4. Future path: Reshaping industry value between fanaticism and

rationality

1. Investor strategy: the balance between defense and offense

- Core configuration: Bitcoin (40%) + Ethereum (20%) + RWA leader (such as ONDO, 20%), long-term target Bitcoin 180,000 US dollars and Ethereum 8,000 US dollars.

- Risk hedging: Keep 30% stablecoin (USDC/DAI) and buy Bitcoin put options (exercise price $75,000).

2. The rules of industry survival

- Get rid of policy dependence: Trump's promised fulfillment rate is only 31%, and he needs to shift from "regulatory arbitrage" to endogenous technological value, such as the DeFi protocol access to traditional financial infrastructure.

- Technology innovation priority: The implementation capabilities of Ethereum Layer2, AI agents and DePIN will determine long-term competitiveness and avoid homogeneous public chain bubbles.

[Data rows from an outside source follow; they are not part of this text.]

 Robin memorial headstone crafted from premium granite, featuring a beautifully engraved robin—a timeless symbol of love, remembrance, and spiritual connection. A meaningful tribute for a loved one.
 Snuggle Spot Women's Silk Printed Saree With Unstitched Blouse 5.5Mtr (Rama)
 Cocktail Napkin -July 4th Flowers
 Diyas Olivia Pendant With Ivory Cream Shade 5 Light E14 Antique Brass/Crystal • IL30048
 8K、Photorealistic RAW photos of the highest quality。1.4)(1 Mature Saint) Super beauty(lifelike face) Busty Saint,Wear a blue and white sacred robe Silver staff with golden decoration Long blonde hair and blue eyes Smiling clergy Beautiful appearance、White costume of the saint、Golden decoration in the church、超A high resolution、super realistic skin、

3. Global landscape prediction

- The confrontation between China and the United States is escalating: US crypto hegemony squeezes China's digital financial space, while China counters through the independent digital RMB and blockchain technology.

- Competition for technical standards: underlying technologies such as ZKP and Layer2 have become strategic highlands, and the EU MiCA framework may give birth to new barriers.